=== Data section ===
[Start of section]

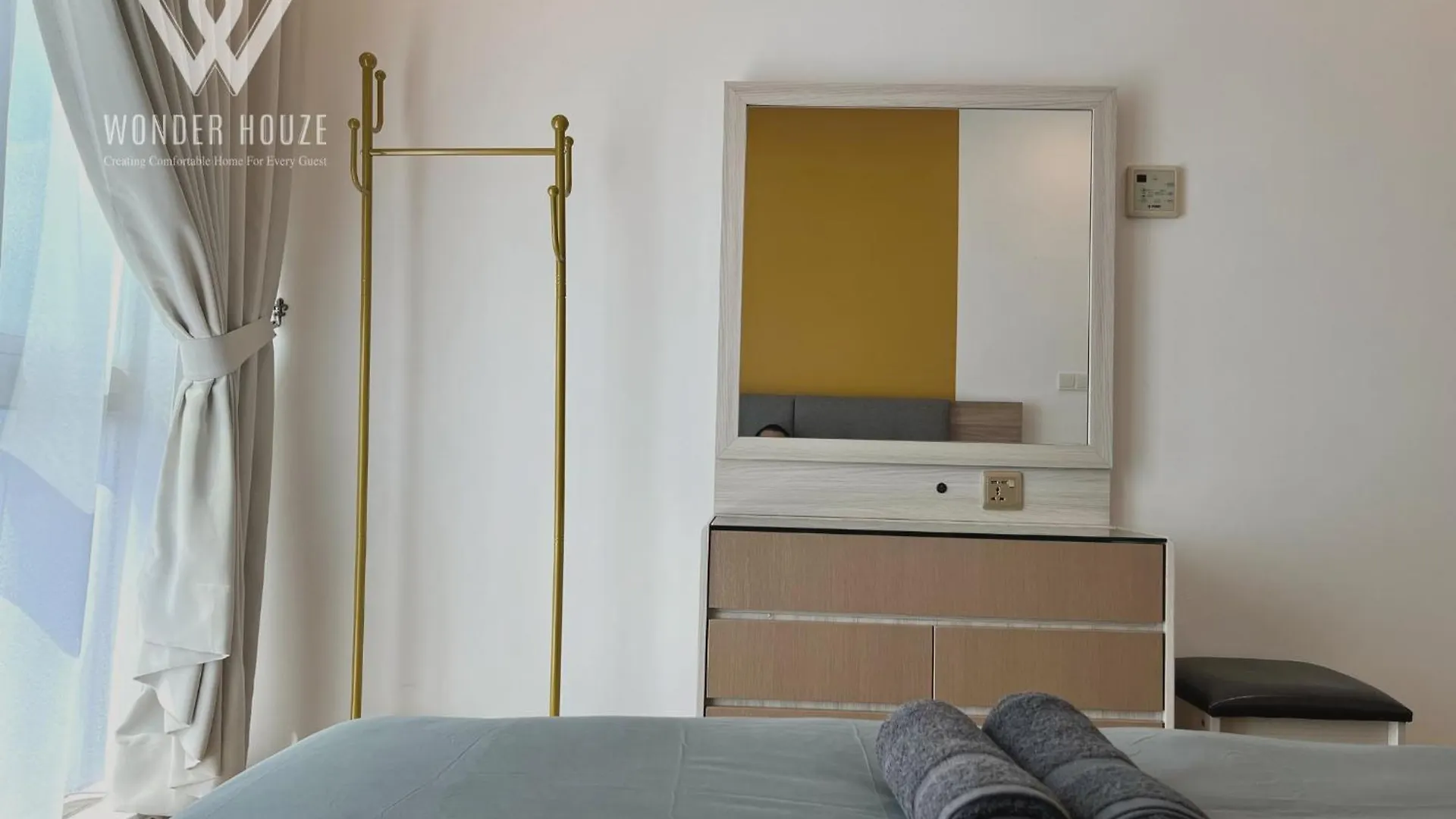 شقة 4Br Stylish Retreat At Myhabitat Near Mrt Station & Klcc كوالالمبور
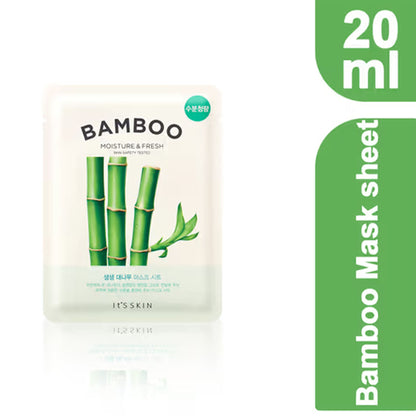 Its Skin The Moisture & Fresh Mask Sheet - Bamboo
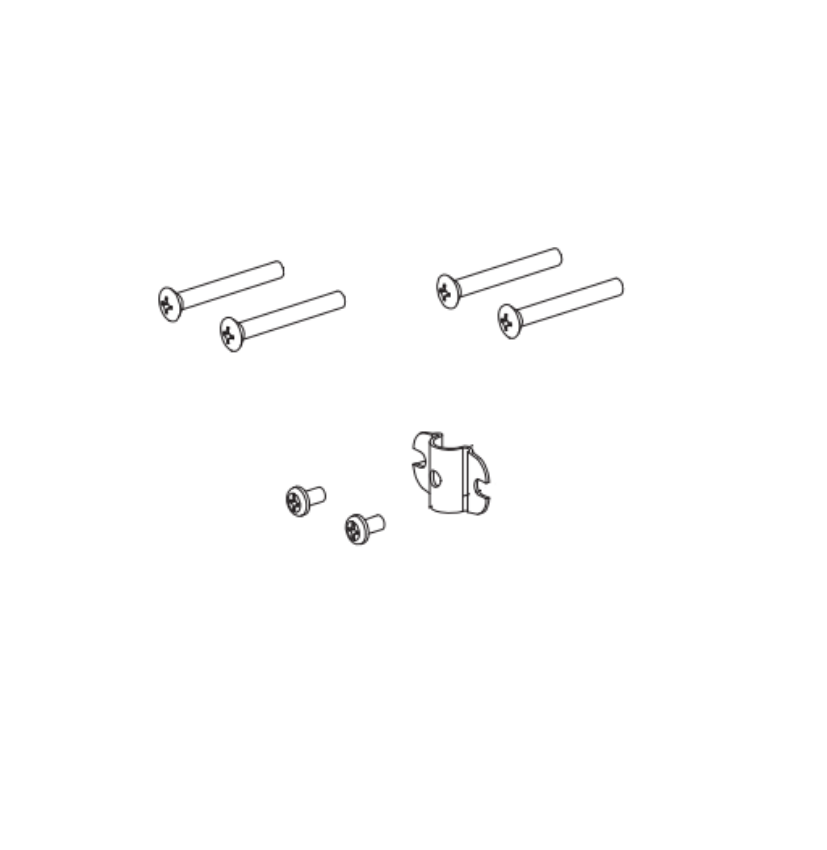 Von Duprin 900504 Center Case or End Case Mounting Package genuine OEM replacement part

[End of section]

=== Exercise objective ===
Write out each line of the data exactly; the images should be left out.

=== Solution for this problem ===
 شقة 4Br Stylish Retreat At Myhabitat Near Mrt Station & Klcc كوالالمبور
 Its Skin The Moisture & Fresh Mask Sheet - Bamboo
 Von Duprin 900504 Center Case or End Case Mounting Package genuine OEM replacement part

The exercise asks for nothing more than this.